While applications are producing and consuming messages to and fro Kafka, you'll notice that new consumers of existing topics start emerging. These new consumers (applications) might have been written by the same engineers who wrote the original producer of those messages or by people you don't know. The emergence of these consumers is perfectly normal. However, they'll need to understand the format of the messages on the topic.
Another thing you might notice is that the format of your messages in your topic will evolve as the business needs to evolve. For example, usernames might be split into first and last names from a full name. As these things change, our data's initial schema must also change.
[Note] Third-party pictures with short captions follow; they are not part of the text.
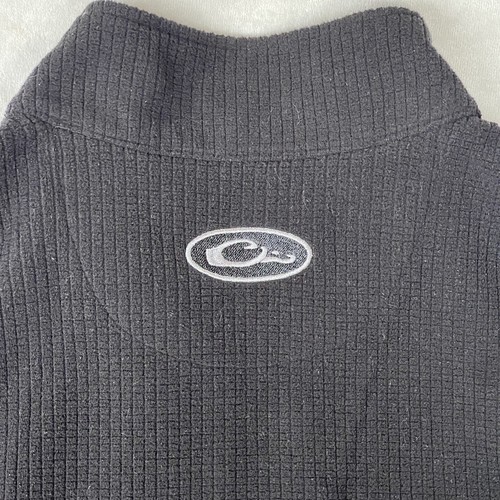Drake Fleece Pullover Men’s Size Large Black Outdoors Hunting Fishing Warm Light - Picture 5 of 10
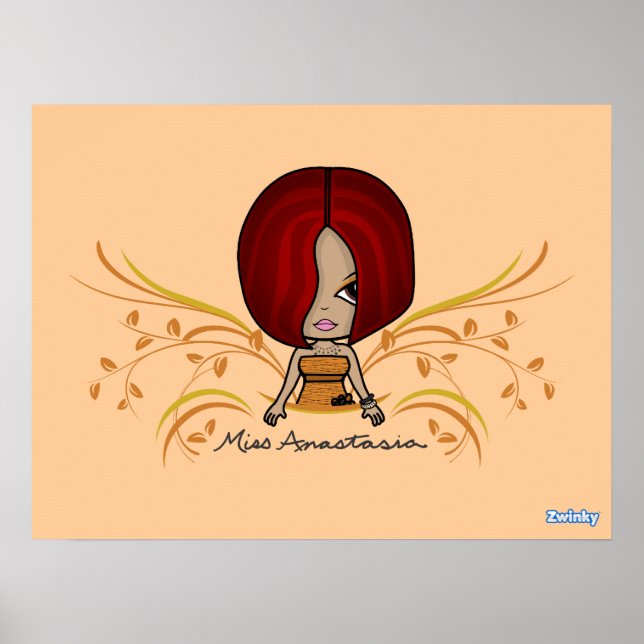 Poster "Miss Anastasia" (Vorne)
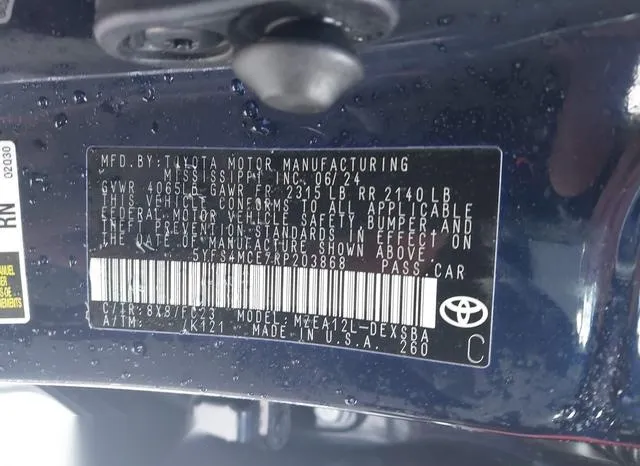 5YFS4MCE7RP203868 2024 2024 Toyota Corolla- SE 9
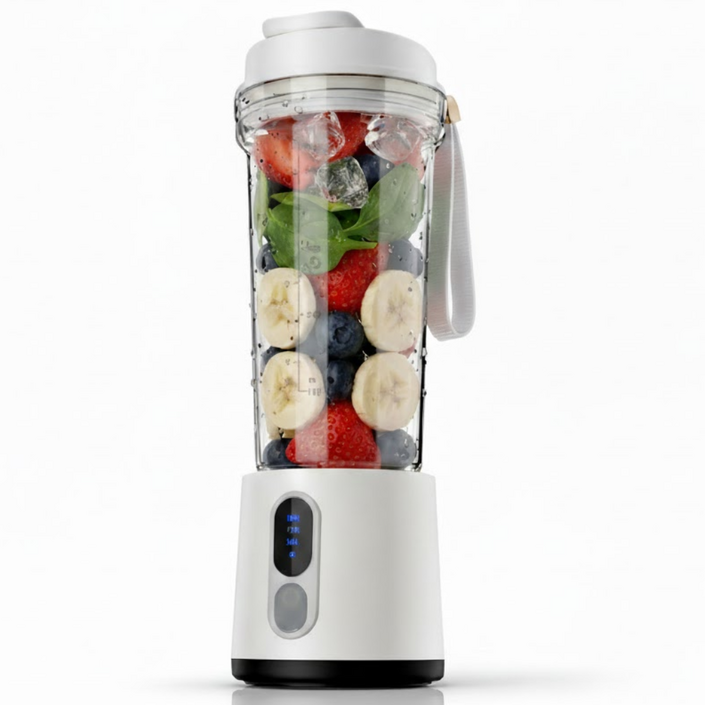 밀리아토 휴대용 미니 믹서기 무선 블렌더, BJ500B 화이트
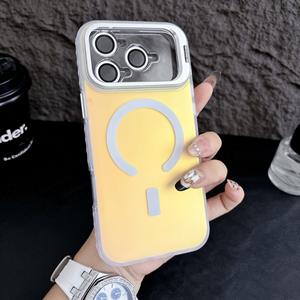 Étui magnétique IMD pour iPhone 16 Pro Max 15 Plus avec protection d'objectif, support, coque intégrale antichoc compatible avec iPhone 13 - Product Image 4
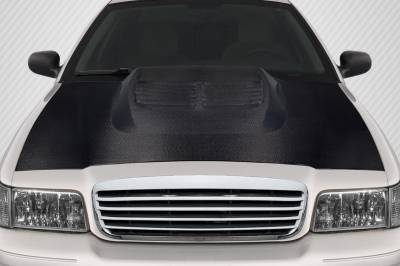 Carbon Creations - Ford Crown Victoria GT500 Look Carbon Fiber Body Kit- Hood 119157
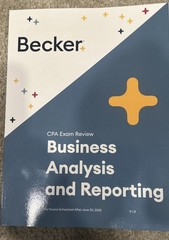 Becker CPA Exam Review Business Analysis and Reporting V1.3 – Paperback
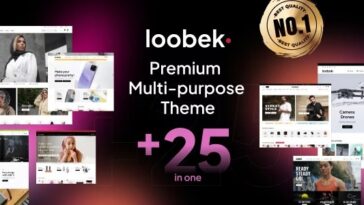 Loobek Elementor Multipurpose WooCommerce Theme Nulled Free Download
The schema of our domain objects is a constantly moving target, and we need to agree on the schema of the messages in whatever topic we're dealing with. This is where the Confluent Schema Registry comes in.
In this article, you'll get a comprehensive overview of the Kafka Schema Registry. You'll go through what a schema registry is while focusing on the Confluent Schema registry. By the end of this article, you'll be equipped with the knowledge needed to navigate the complexities of schema evolution in Kafka.
Schema evolution is the process of managing changes to the structure of data over time. In Kafka, it means handling the modifications to the format of the messages being produced and consumed in Kafka topics.
As applications and business requirements evolve, the data they generate and consume also change, necessitating updates to the schema. These changes must be managed carefully to ensure compatibility between producers and consumers of the data.
In a data streaming environment, schema evolution is crucial for several reasons. First, it ensures that new applications can consume data from existing topics without issues, even if they were developed after the original producers. This compatibility is essential for scaling applications and integrating new features without disrupting existing workflows.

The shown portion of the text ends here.